Start of Block
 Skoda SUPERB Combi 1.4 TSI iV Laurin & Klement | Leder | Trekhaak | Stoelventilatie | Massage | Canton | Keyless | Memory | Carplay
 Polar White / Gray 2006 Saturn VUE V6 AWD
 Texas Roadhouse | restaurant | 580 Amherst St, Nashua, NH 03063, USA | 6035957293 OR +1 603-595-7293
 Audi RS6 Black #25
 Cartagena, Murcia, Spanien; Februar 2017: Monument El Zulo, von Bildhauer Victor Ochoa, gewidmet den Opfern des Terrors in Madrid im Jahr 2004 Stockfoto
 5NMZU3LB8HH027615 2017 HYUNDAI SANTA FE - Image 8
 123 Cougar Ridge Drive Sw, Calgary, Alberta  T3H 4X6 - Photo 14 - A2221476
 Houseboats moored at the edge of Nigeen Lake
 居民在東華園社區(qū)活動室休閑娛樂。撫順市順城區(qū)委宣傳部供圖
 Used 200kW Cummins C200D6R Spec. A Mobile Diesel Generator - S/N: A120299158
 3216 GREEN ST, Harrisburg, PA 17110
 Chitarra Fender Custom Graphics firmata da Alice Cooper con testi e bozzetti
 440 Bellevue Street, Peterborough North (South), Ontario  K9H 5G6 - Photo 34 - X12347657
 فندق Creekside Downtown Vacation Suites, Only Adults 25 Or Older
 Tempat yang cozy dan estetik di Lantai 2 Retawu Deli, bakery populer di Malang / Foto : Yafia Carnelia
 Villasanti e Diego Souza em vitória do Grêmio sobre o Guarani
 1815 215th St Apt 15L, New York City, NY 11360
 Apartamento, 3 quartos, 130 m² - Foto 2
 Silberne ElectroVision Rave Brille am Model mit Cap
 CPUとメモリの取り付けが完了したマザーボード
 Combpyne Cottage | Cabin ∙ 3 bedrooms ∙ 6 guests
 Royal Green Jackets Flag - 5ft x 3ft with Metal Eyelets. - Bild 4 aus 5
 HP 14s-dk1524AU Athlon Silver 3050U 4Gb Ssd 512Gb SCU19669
End of Block
Your answer should consist of the lines from the line with "440 Bellevue Street, Peterborough" to the line with "1815 215th St" above, repeated exactly, both ends included.

 440 Bellevue Street, Peterborough North (South), Ontario  K9H 5G6 - Photo 34 - X12347657
 فندق Creekside Downtown Vacation Suites, Only Adults 25 Or Older
 Tempat yang cozy dan estetik di Lantai 2 Retawu Deli, bakery populer di Malang / Foto : Yafia Carnelia
 Villasanti e Diego Souza em vitória do Grêmio sobre o Guarani
 1815 215th St Apt 15L, New York City, NY 11360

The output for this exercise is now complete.